# TASK INSTRUCTIONS
Your answer should be the lines from the one with "стеклоподъемник передний правый" to the end of the data below, both included, exact and free of pictures.

# Collected data
**********

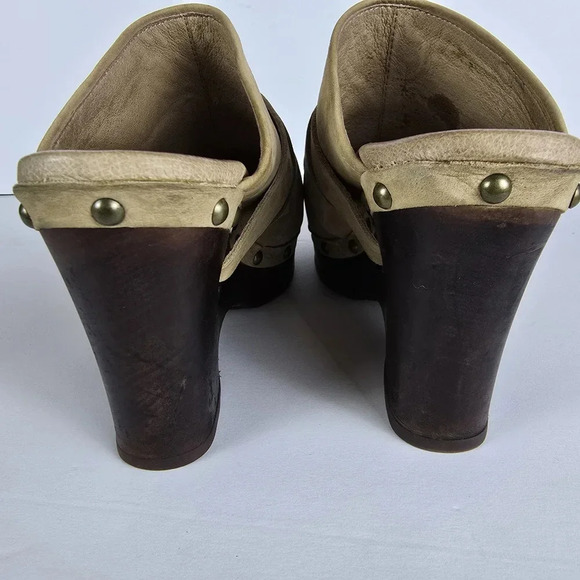 Ugg Women’s Natallie Leather Studded Platform Slip On Tan Clog Size 7 - Picture 12 of 16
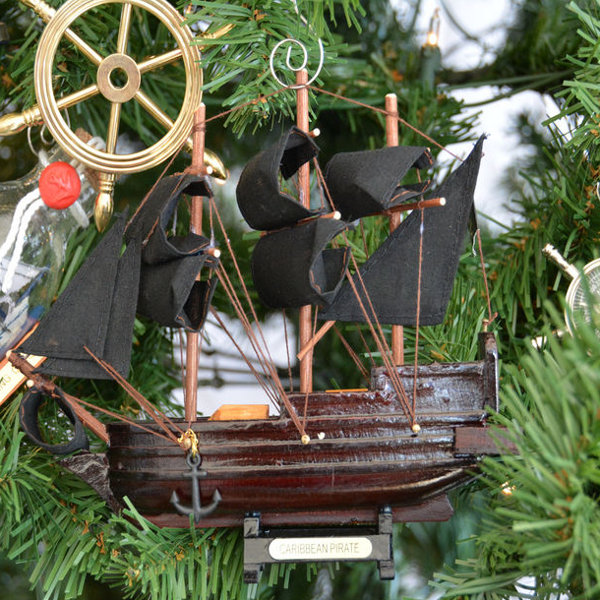 100/% Polyester Yo Ho Ho Christmas Pirate Skull Santa Flag 5 x 3 FT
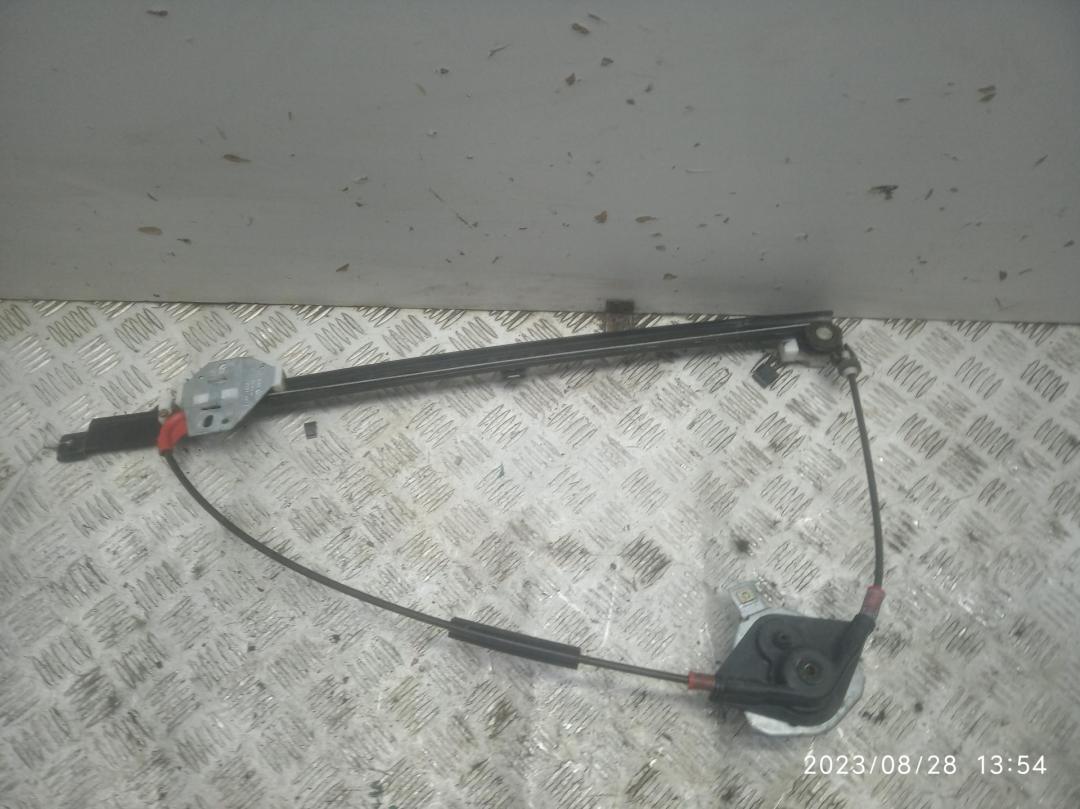 стеклоподъемник передний правый Volkswagen Transporter T4 1997, 2.5 л., дизель, МКПП, белый, микроавтобус - фото №1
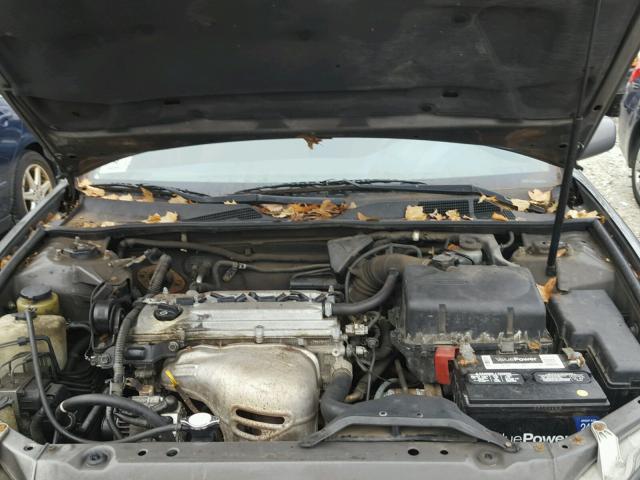 4T1BE32K42U532529 - 2002 TOYOTA CAMRY LE ნაცრისფერი ფოტო 7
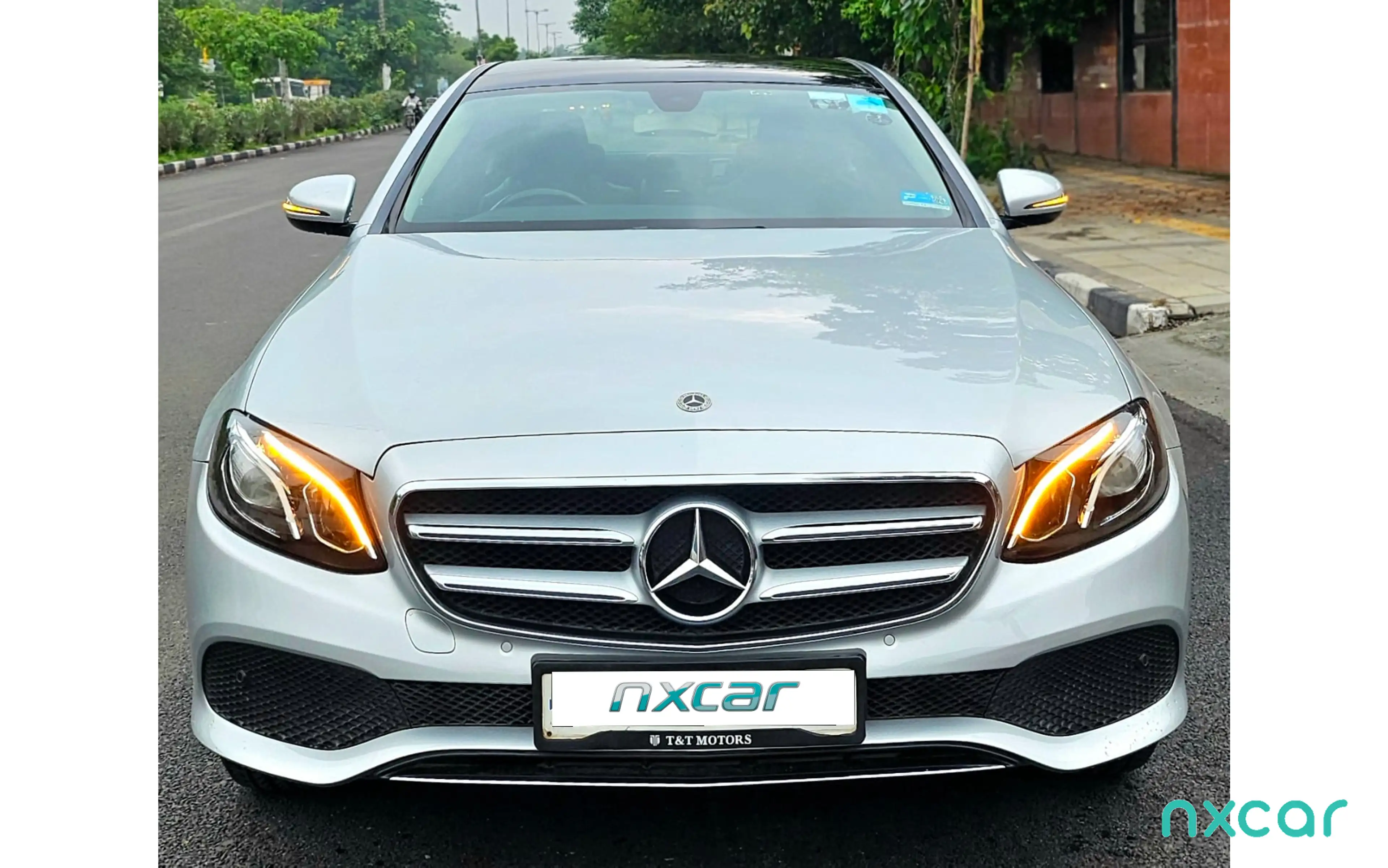 Used Mercedes-Benz e-class e-200-expression for sale on Nxcar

**********

# TASK RESPONSE
 стеклоподъемник передний правый Volkswagen Transporter T4 1997, 2.5 л., дизель, МКПП, белый, микроавтобус - фото №1
 4T1BE32K42U532529 - 2002 TOYOTA CAMRY LE ნაცრისფერი ფოტო 7
 Used Mercedes-Benz e-class e-200-expression for sale on Nxcar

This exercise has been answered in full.